“Background: Sepsis is a global health problem that ends millions of lives and costs billions of dollars in treatment and management every year. This disease is responsible for one in every five deaths worldwide, and is the third leading cause of death in hospitals. Despite decades of research, no current specific treatment or cure are available, only supportive and symptomatic care, and few preclinical studies reach human trials. Since the discovery of the endocannabinoid system (ECS), cannabinoids have been researched as a potential treatment for various diseases, including sepsis. Our review aimed to summarize what is known about the endocannabinoid system research in preclinical sepsis.
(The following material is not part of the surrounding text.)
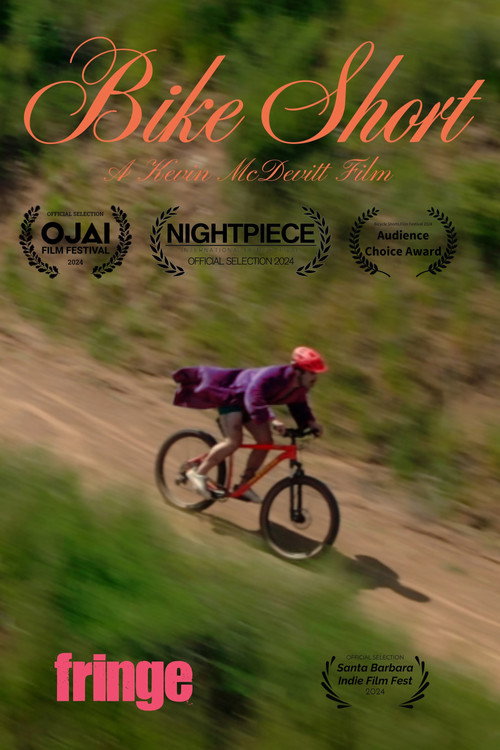Movie poster for Bike Short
Methods: A scoping search was conducted in the databases Pubmed, Scopus and Web of Science. Articles were selected in case they studied a cannabinoid or the ECS in preclinical sepsis or septic shock, with no time limit. Data regarding animals species, model os sepsis, treatments, cannabinoids utilized and main outcomes were analyzed.
Results: We found that the most commonly used animal species was both Mus musculus and Rattus norvegicus, and the most frequently performed sepsis model was the endotoxemia induced by lipopolysaccharide (LPS). The most studied receptor was cannabinoid receptor type 2 (CB2) and among all cannabinoid types, synthetic cannabinoids were researched in the majority of the studies. We also discuss the evaluated outcomes, as well as their involvement with the endocannabinoid system and underlying molecular mechanisms. We highlight the main promising results and explore the limitations and future challenges in the field.
Conclusion: Cannabinoids are promising therapeutic targets in the treatment of sepsis, as they improved survival, and reduced inflammation and organ injury. However, deleterious adverse effects were reported, with the underlying molecular mechanisms still unknown, and further research is needed to evaluate their benefits and future use in clinical research.”